### Records from a data source
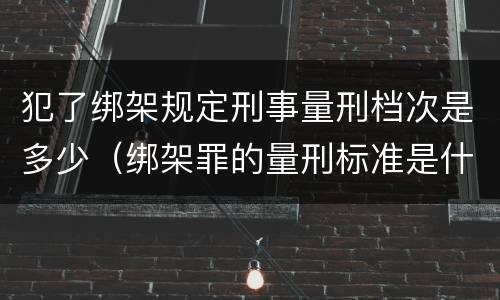 犯了绑架规定刑事量刑档次是多少（绑架罪的量刑标准是什么?）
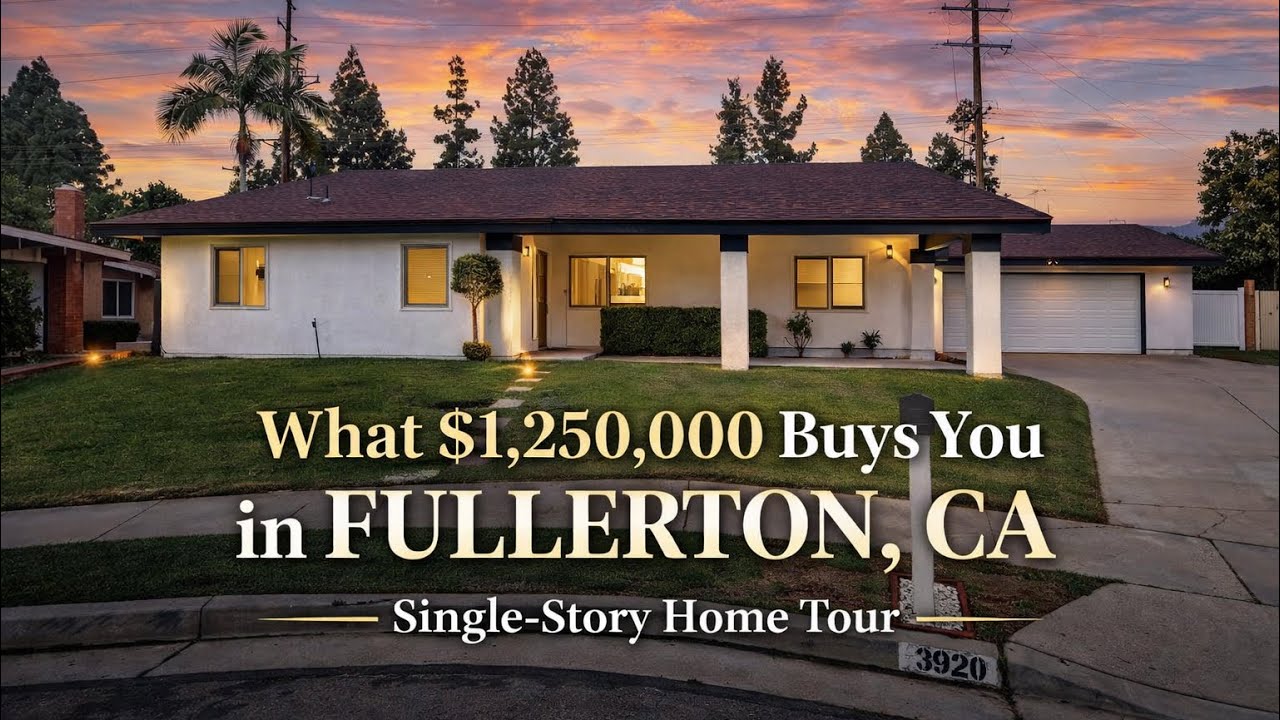 👉 What $1,250,000 Buys You in Fullerton, CA | Single-Story Home Tour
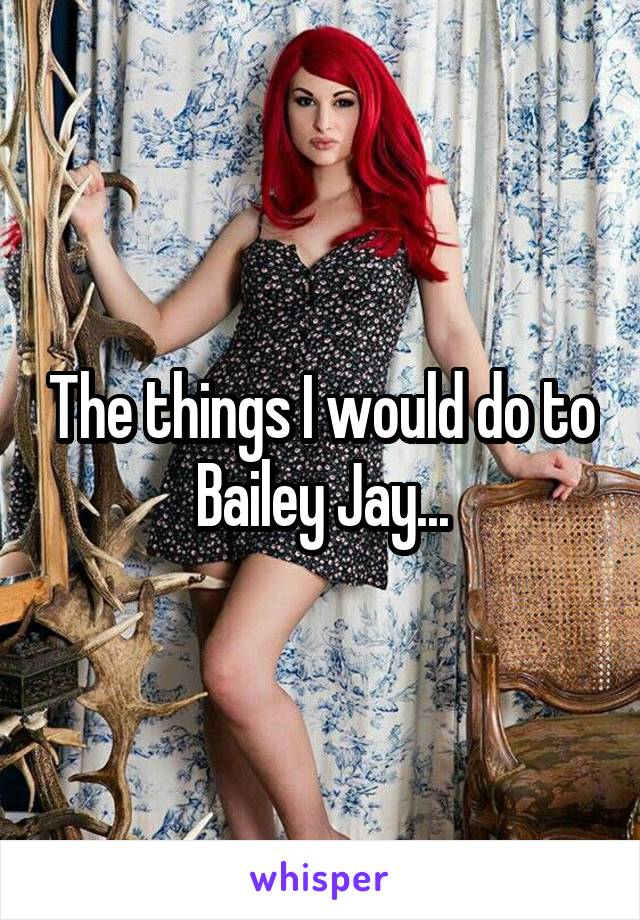 The things I would do to Bailey Jay...
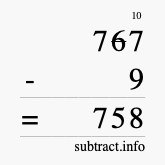 Calculate 767 minus 9 using long subtraction Calculate 767 minus 9 using long subtraction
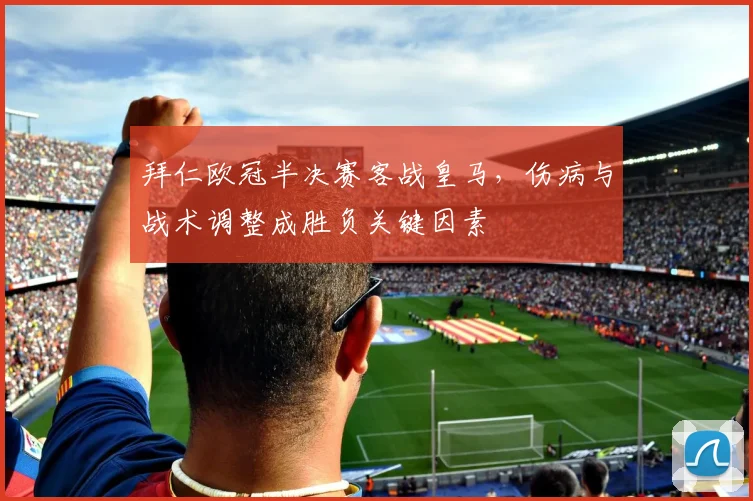 拜仁欧冠半决赛客战皇马，伤病与战术调整成胜负关键因素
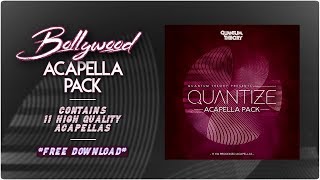 Bollywood Acapella Pack | 2020 | Quantize | Free Download | Quantum Theory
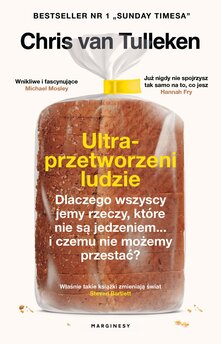 Ultraprzetworzeni ludzie. Dlaczego wszyscy jemy rzeczy, które nie są jedzeniem... i czemu nie możemy przestać?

### Your task
So that the copy stays exact, reproduce each record word for word and leave its images out.

### Task result
 犯了绑架规定刑事量刑档次是多少（绑架罪的量刑标准是什么?）
 👉 What $1,250,000 Buys You in Fullerton, CA | Single-Story Home Tour
 The things I would do to Bailey Jay...
 Calculate 767 minus 9 using long subtraction Calculate 767 minus 9 using long subtraction
 拜仁欧冠半决赛客战皇马，伤病与战术调整成胜负关键因素
 Bollywood Acapella Pack | 2020 | Quantize | Free Download | Quantum Theory
 Ultraprzetworzeni ludzie. Dlaczego wszyscy jemy rzeczy, które nie są jedzeniem... i czemu nie możemy przestać?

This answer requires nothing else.